Directions for this task ->
Your reply should be the entries, output word for word, with each picture omitted.

Source records
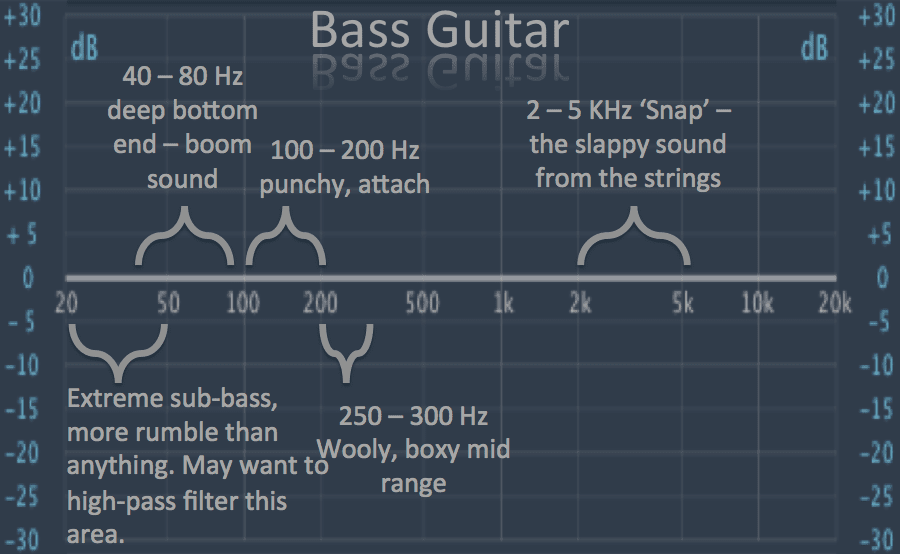 BassEQ.png BassEQ.png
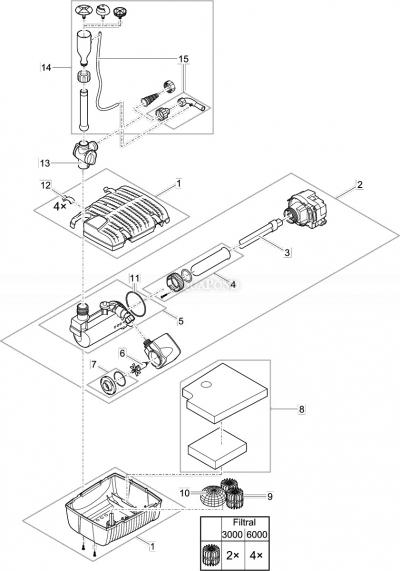 Oase Filtral UVC 3000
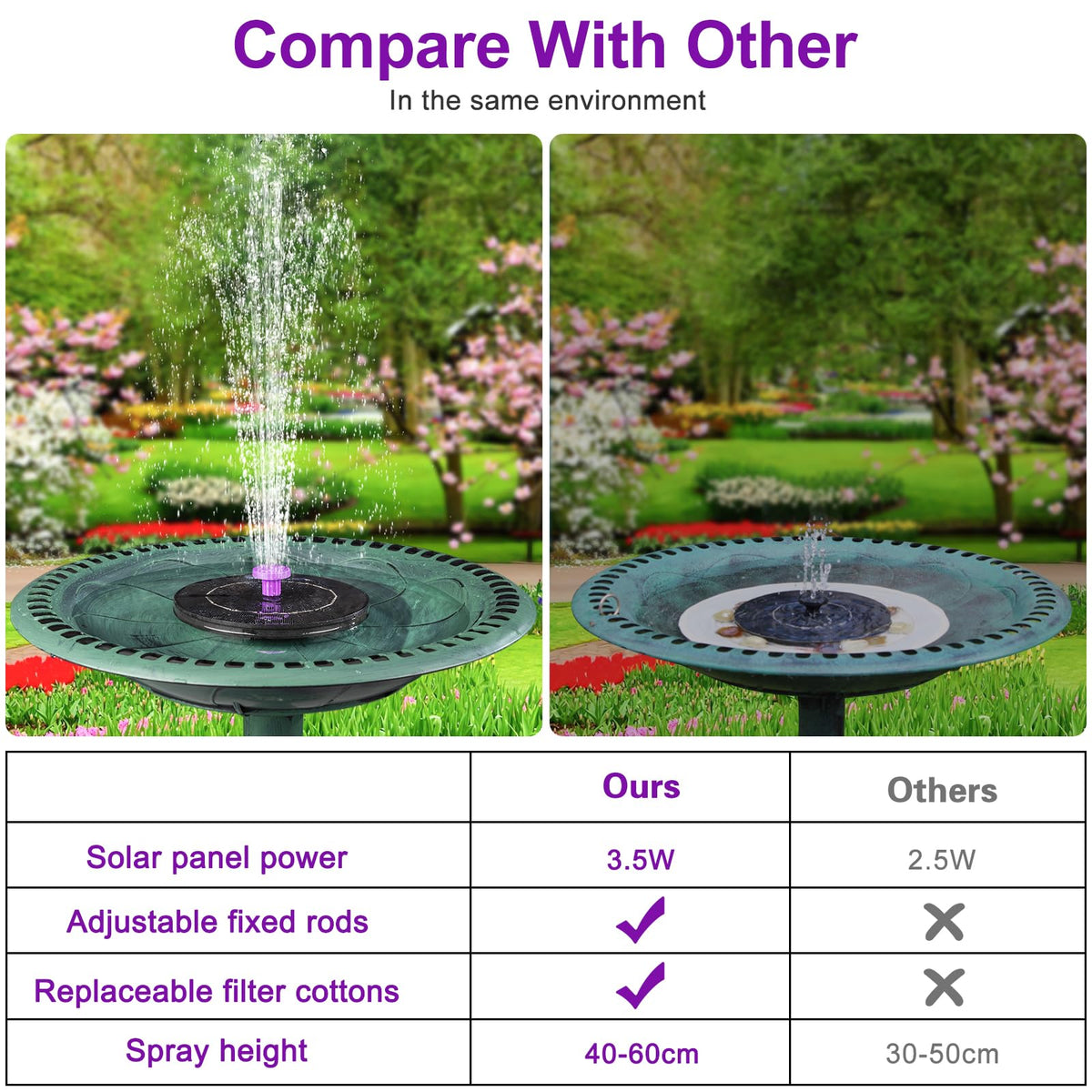 SEIRMEP outdoor fountain setup shown in a garden pond environment.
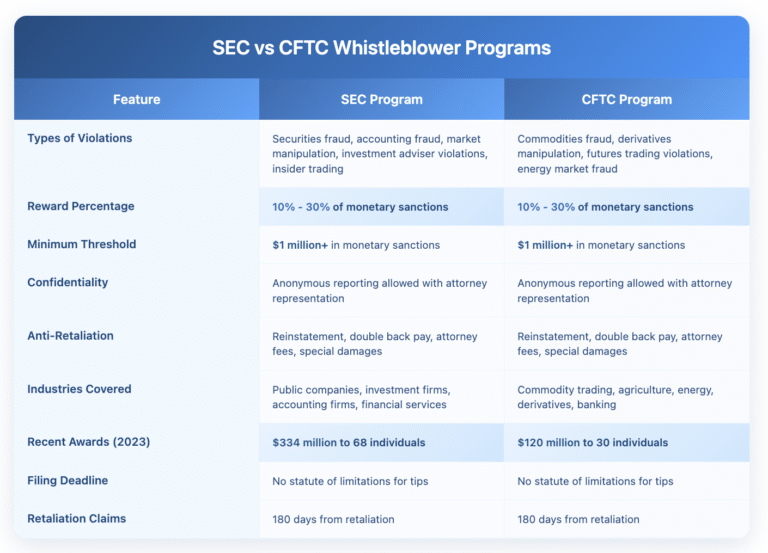 Comparison table of SEC and CFTC Whistleblower Programs showing key features side by side. Both programs offer 10-30% rewards on monetary sanctions over $1 million, allow anonymous reporting with attorney representation, and provide comprehensive anti-retaliation protections including reinstatement and double back pay. SEC covers securities fraud and financial services violations, while CFTC covers commodities and derivatives fraud. Recent 2023 awards totaled $334 million from SEC to 68 individuals and $120 million from CFTC to 30 individuals.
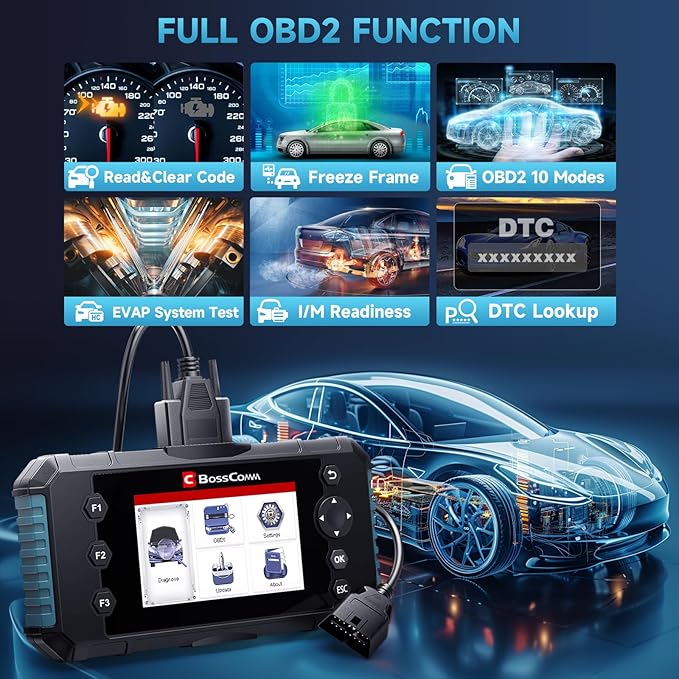 IFIX435 All System Code Reader for Cars and Trucks, OBD2 Scanner Diagnostic Tool for 10,000+ Vehicles, OBDII/EOBD Car Scanner Diagnostic Tool with Lifetime F-Ree WiFi Update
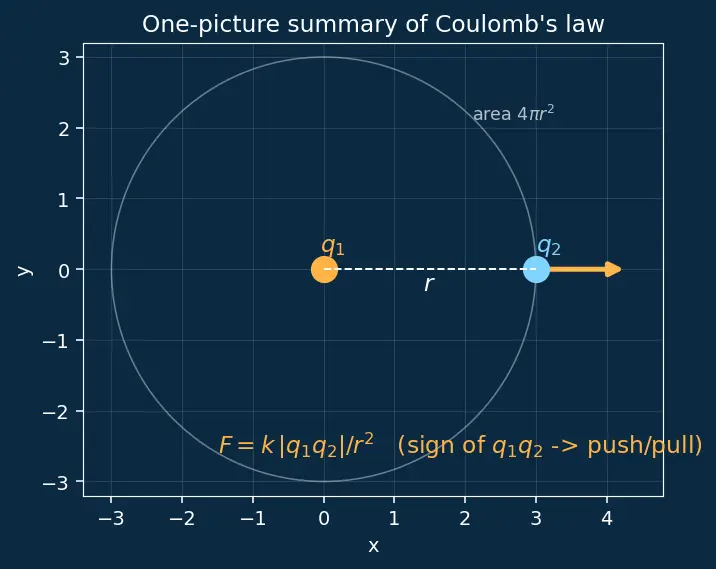 Figure — Coulomb's law — force, comparison with gravity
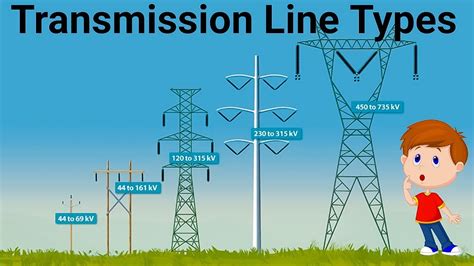 Types Of Transmission Lines ट्रांसमिशन लाइन कितने प्रकार की होती है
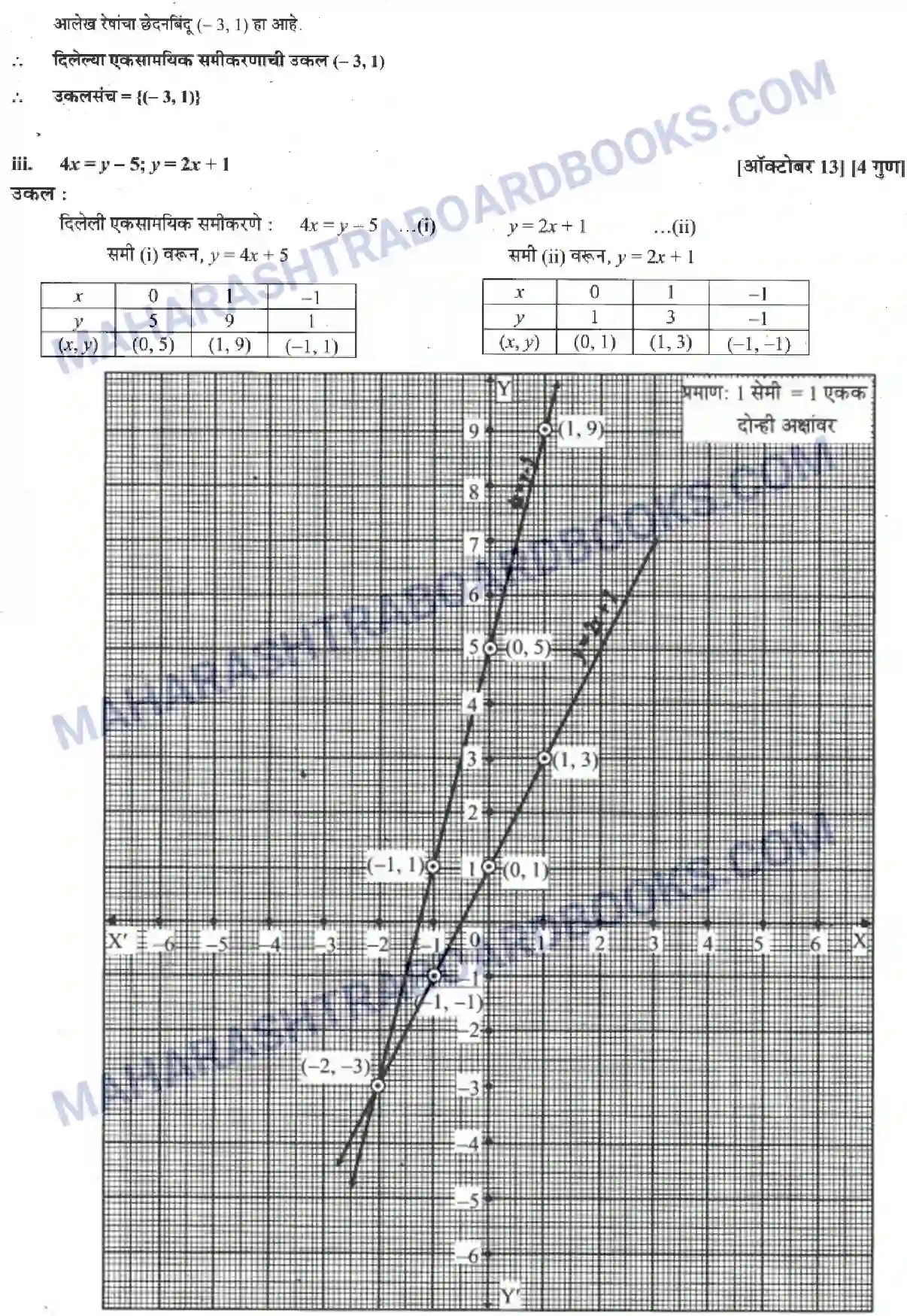 Maharashtra Board Solution Class-10 Algebra+-+Marathi+Medium Linear Equations in Two Variables Image 3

Exercise response ->
 BassEQ.png BassEQ.png
 Oase Filtral UVC 3000
 SEIRMEP outdoor fountain setup shown in a garden pond environment.
 Comparison table of SEC and CFTC Whistleblower Programs showing key features side by side. Both programs offer 10-30% rewards on monetary sanctions over $1 million, allow anonymous reporting with attorney representation, and provide comprehensive anti-retaliation protections including reinstatement and double back pay. SEC covers securities fraud and financial services violations, while CFTC covers commodities and derivatives fraud. Recent 2023 awards totaled $334 million from SEC to 68 individuals and $120 million from CFTC to 30 individuals.
 IFIX435 All System Code Reader for Cars and Trucks, OBD2 Scanner Diagnostic Tool for 10,000+ Vehicles, OBDII/EOBD Car Scanner Diagnostic Tool with Lifetime F-Ree WiFi Update
 Figure — Coulomb's law — force, comparison with gravity
 Types Of Transmission Lines ट्रांसमिशन लाइन कितने प्रकार की होती है
 Maharashtra Board Solution Class-10 Algebra+-+Marathi+Medium Linear Equations in Two Variables Image 3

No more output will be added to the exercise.